*** Opening of Provided entries ***

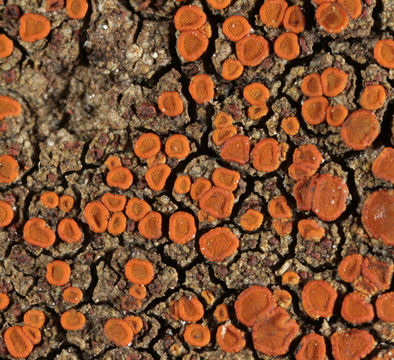 Image of <i>Caloplaca crenularia</i> (With.) J. R. Laundon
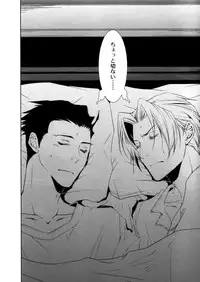 (C83) [Byakuya (En)] Aiganakuchane! (Gyakuten Saiban) [Incomplete]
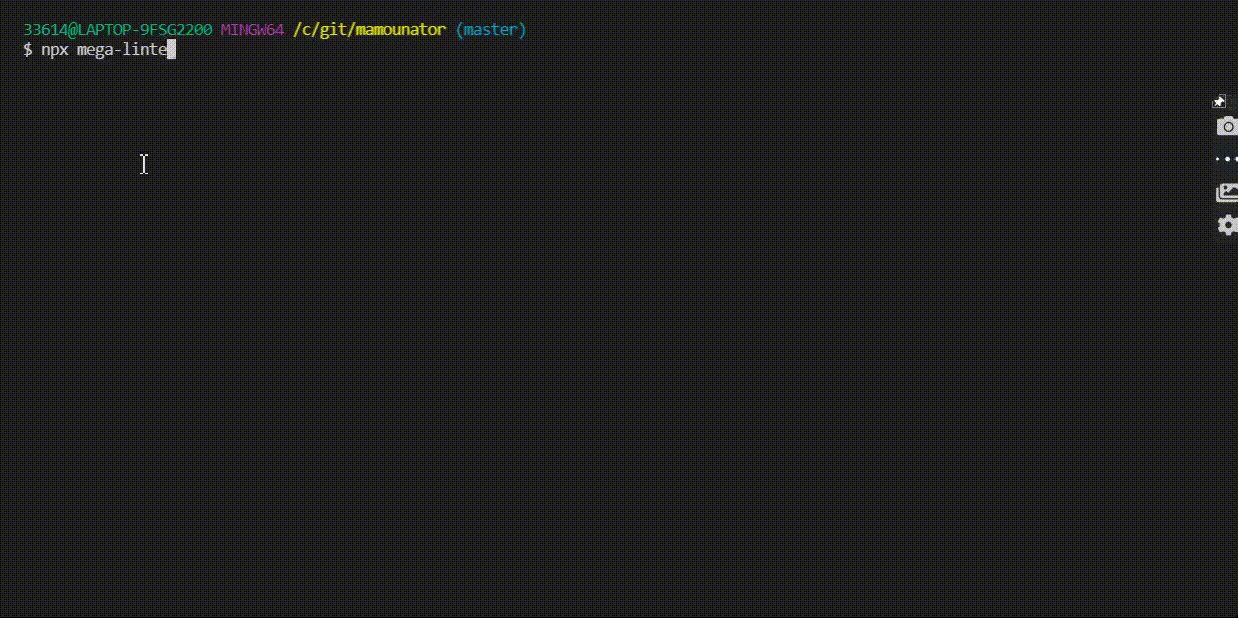 megalinter screenshot 2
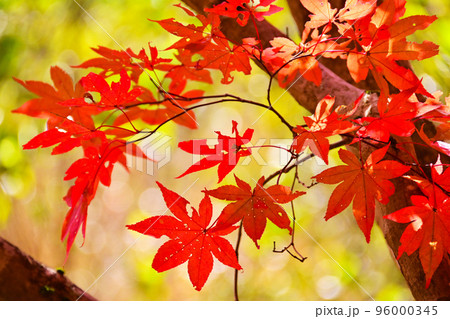 タカドヤ湿地　紅葉　隠れた紅葉スポット 96000345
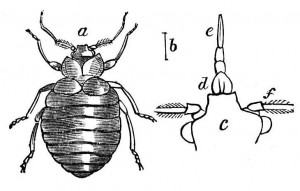 Bedbug Illustration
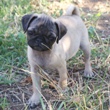 MOPS - štenci na prodaju - SAMANTHA 1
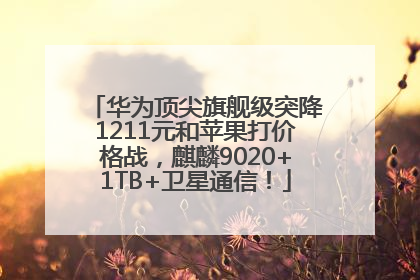 华为顶尖旗舰级突降1211元和苹果打价格战，麒麟9020+1TB+卫星通信！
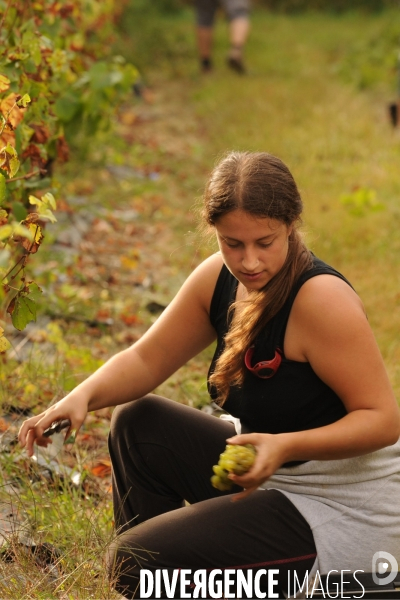 Vendanges, récolte du raisin, cépage chardonnay, dans un vignoble du Loir et Cher, appelation Cheverny
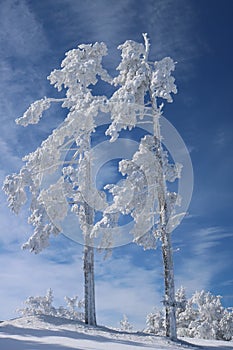 Winter scenery in the sunny day. Mountain landscapes. Trees covered with white snow, lawn and blue sky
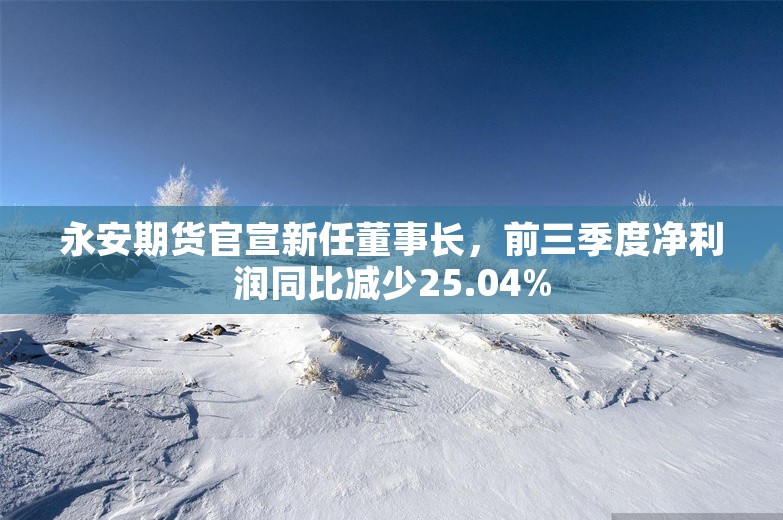 永安期货官宣新任董事长，前三季度净利润同比减少25.04%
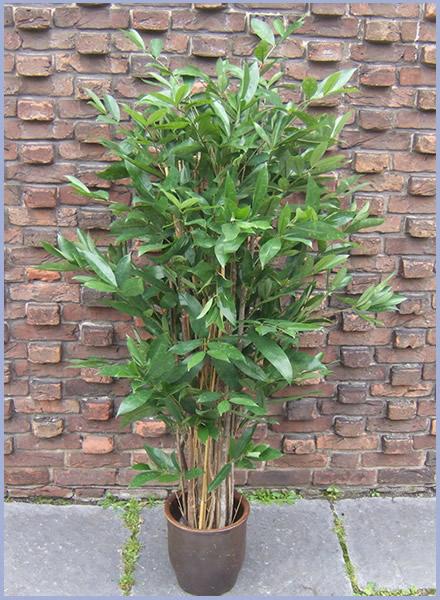 Dracaena Surculosa Tree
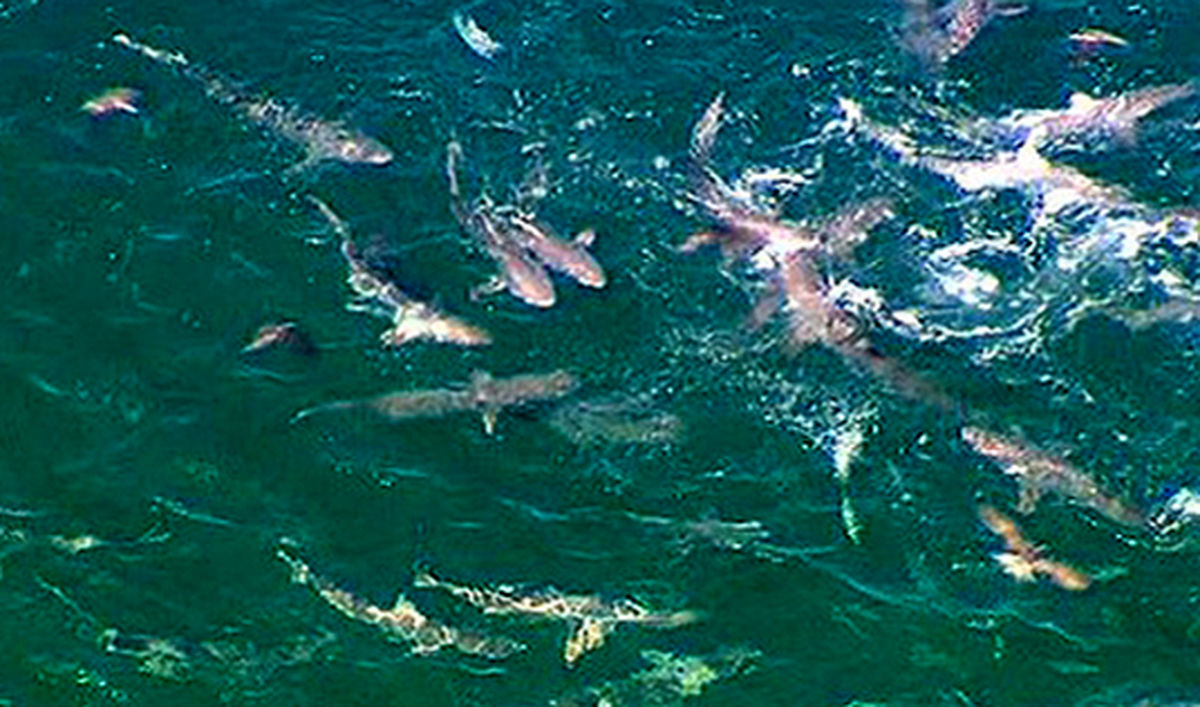 تجمع کوسه هاي وحشي در سواحل فلوريدا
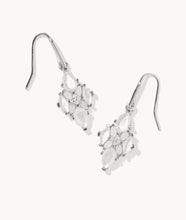 Load image into Gallery viewer, Kendra Scott Abbie Crystal Drop Earring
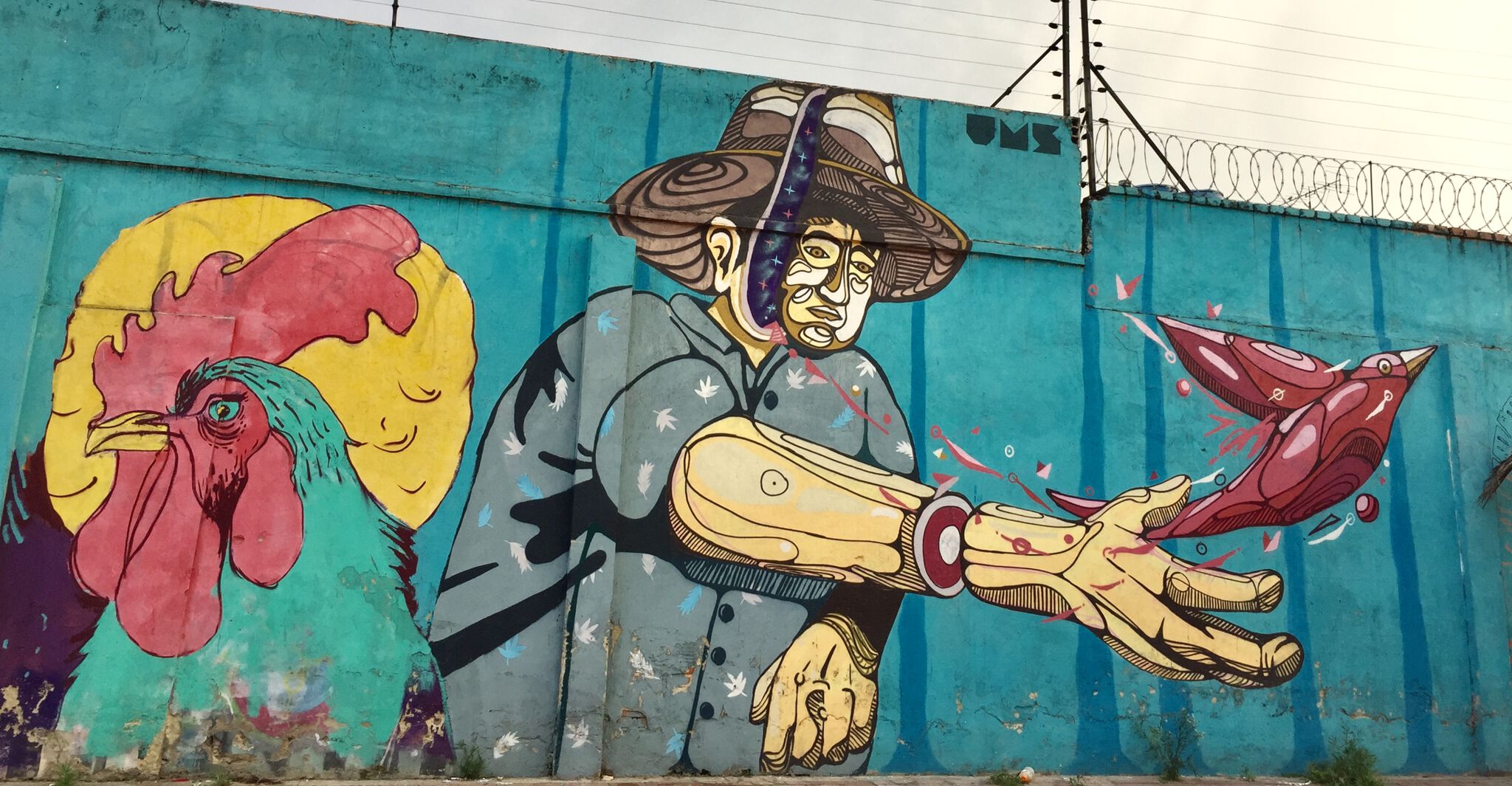 Unknown - Bogota&mdash;Bird / Pájaro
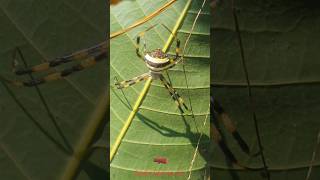 Spider spinning net on leaf spider spiderspecies makdi spidernet spiders net nets leaf [upl. by Eiresed625]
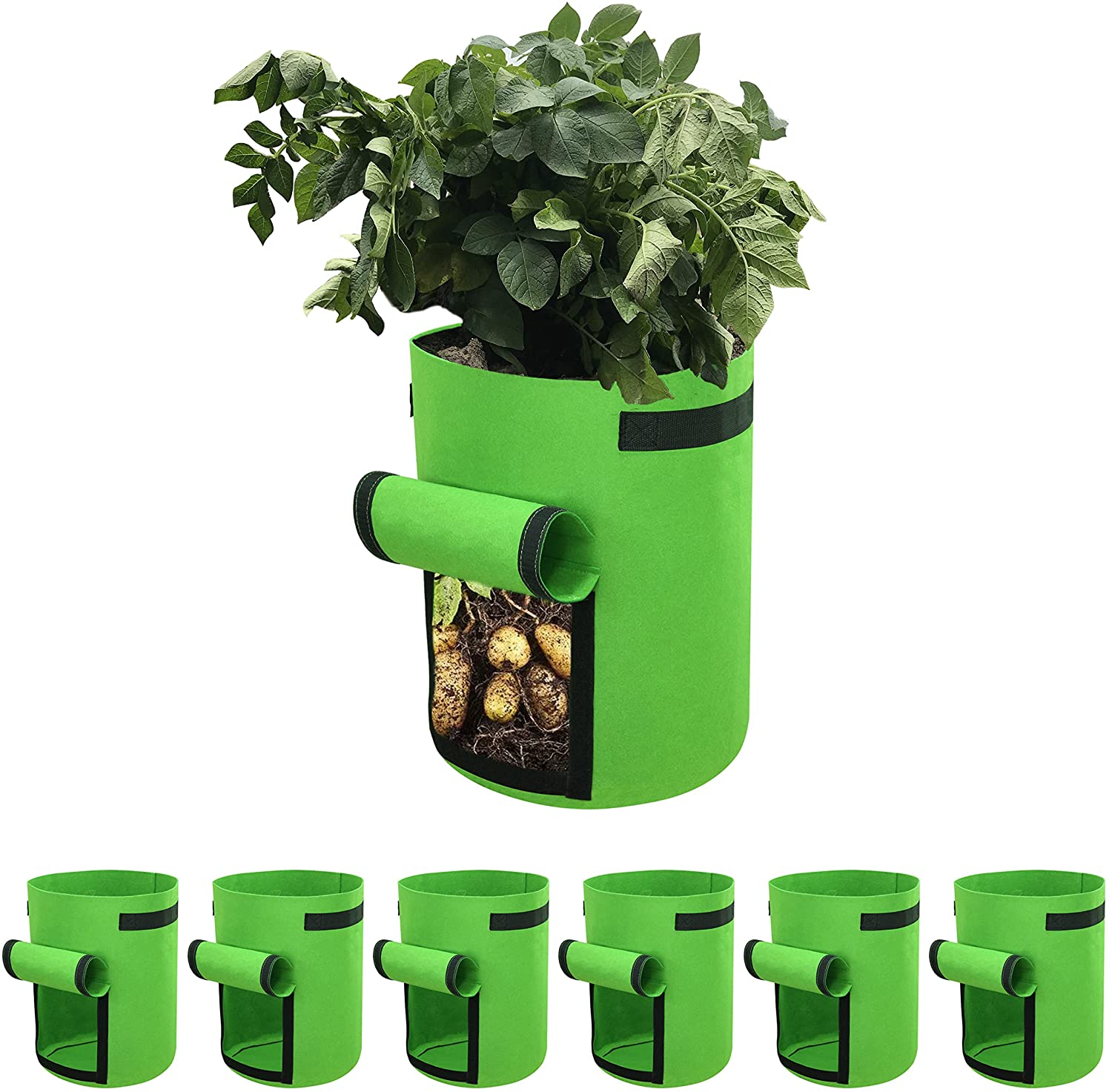 Smart Pot Planter For Vegetable 5 7 10 Gallon Biodegradable Fabric Potato  Plant Grow Bags  Smart Pot Planter For Vegetable 5 7 10 Gallon  Biodegradable Fabric Potato Plant Grow Bags Exporter Supplier Trading  Company Jinhua China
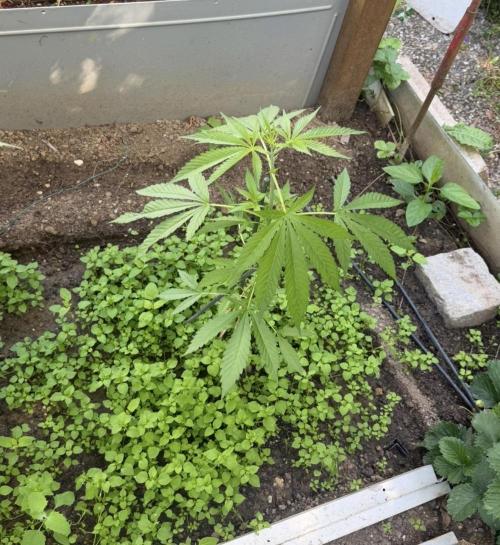 Air Lemon x Shishkaberry 🍋🍇. Week 8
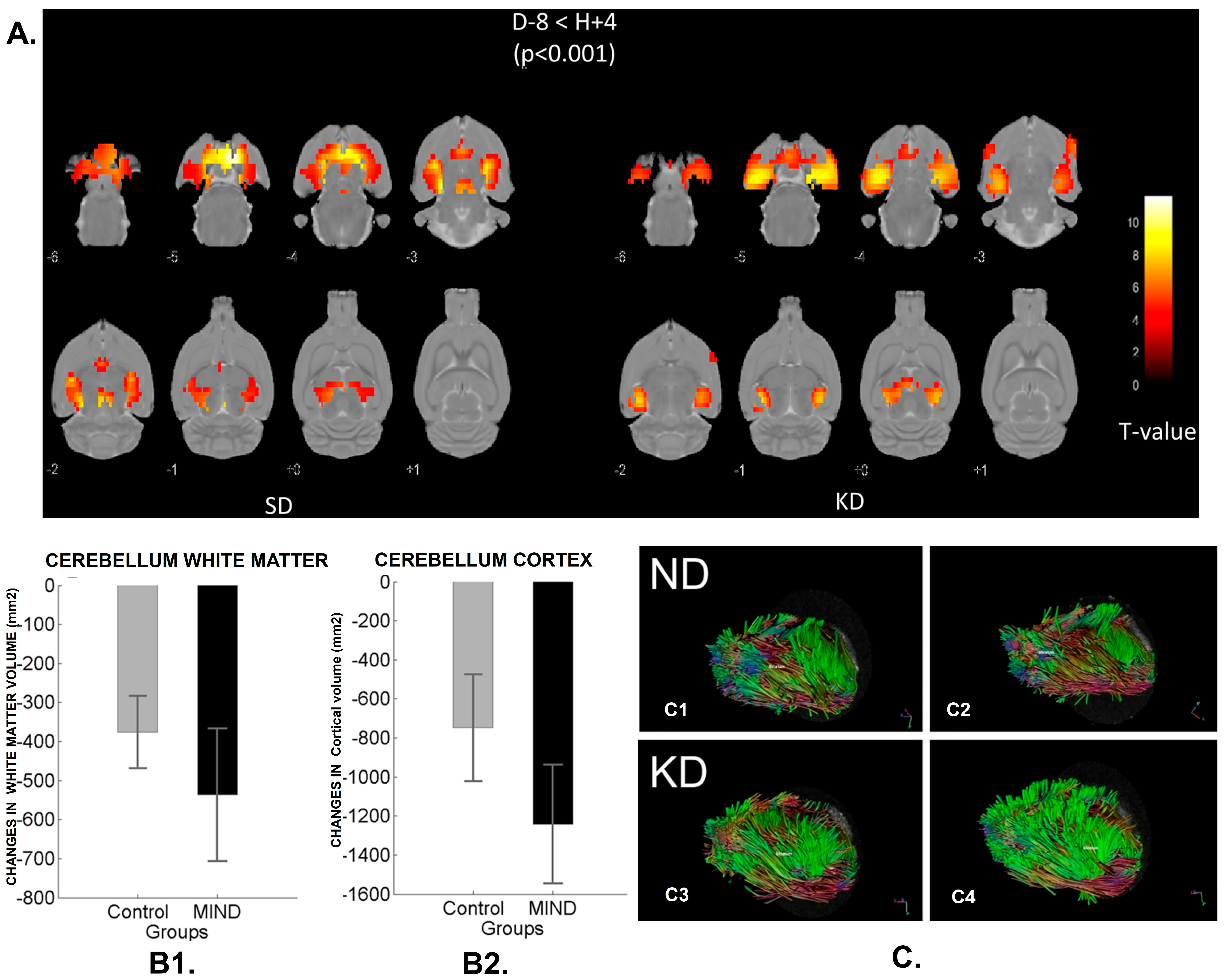 Antioxidants 14 01078 g006 Antioxidants 14 01078 g006
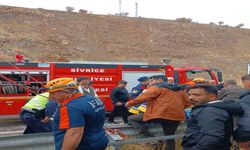 Elazığ-Diyarbakır Yolunda Feci Kaza! Tır Devrildi, Hayvanlar Telef Oldu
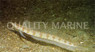 Filamented Sand Diver Eel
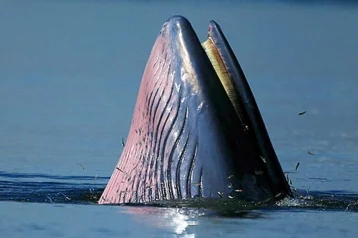 Фото: В  ЮАР дайвер чудом выжил в пасти кита 1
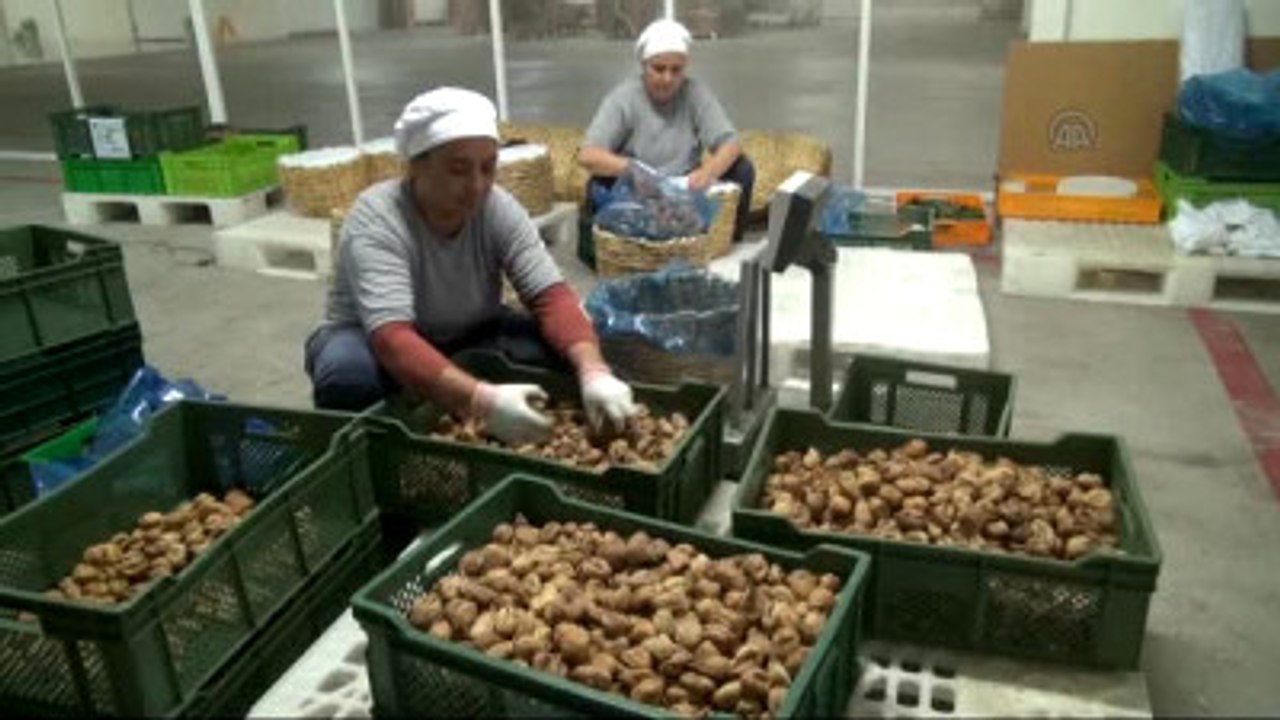 Tariş Kendi Enerjisini Kendisi Üretecek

*** Close of Provided entries ***

### Assignment
The reply should hold every line of the records unchanged and no pictures.

### Answer box
 Image of <i>Caloplaca crenularia</i> (With.) J. R. Laundon
 (C83) [Byakuya (En)] Aiganakuchane! (Gyakuten Saiban) [Incomplete]
 megalinter screenshot 2
 タカドヤ湿地　紅葉　隠れた紅葉スポット 96000345
 Bedbug Illustration
 MOPS - štenci na prodaju - SAMANTHA 1
 华为顶尖旗舰级突降1211元和苹果打价格战，麒麟9020+1TB+卫星通信！
 Vendanges, récolte du raisin, cépage chardonnay, dans un vignoble du Loir et Cher, appelation Cheverny
 Winter scenery in the sunny day. Mountain landscapes. Trees covered with white snow, lawn and blue sky
 永安期货官宣新任董事长，前三季度净利润同比减少25.04%
 Dracaena Surculosa Tree
 تجمع کوسه هاي وحشي در سواحل فلوريدا
 Load image into Gallery viewer, Kendra Scott Abbie Crystal Drop Earring
 Unknown - Bogota&mdash;Bird / Pájaro
 Spider spinning net on leaf spider spiderspecies makdi spidernet spiders net nets leaf [upl. by Eiresed625]
 Smart Pot Planter For Vegetable 5 7 10 Gallon Biodegradable Fabric Potato  Plant Grow Bags  Smart Pot Planter For Vegetable 5 7 10 Gallon  Biodegradable Fabric Potato Plant Grow Bags Exporter Supplier Trading  Company Jinhua China
 Air Lemon x Shishkaberry 🍋🍇. Week 8
 Antioxidants 14 01078 g006 Antioxidants 14 01078 g006
 Elazığ-Diyarbakır Yolunda Feci Kaza! Tır Devrildi, Hayvanlar Telef Oldu
 Filamented Sand Diver Eel
 Фото: В  ЮАР дайвер чудом выжил в пасти кита 1
 Tariş Kendi Enerjisini Kendisi Üretecek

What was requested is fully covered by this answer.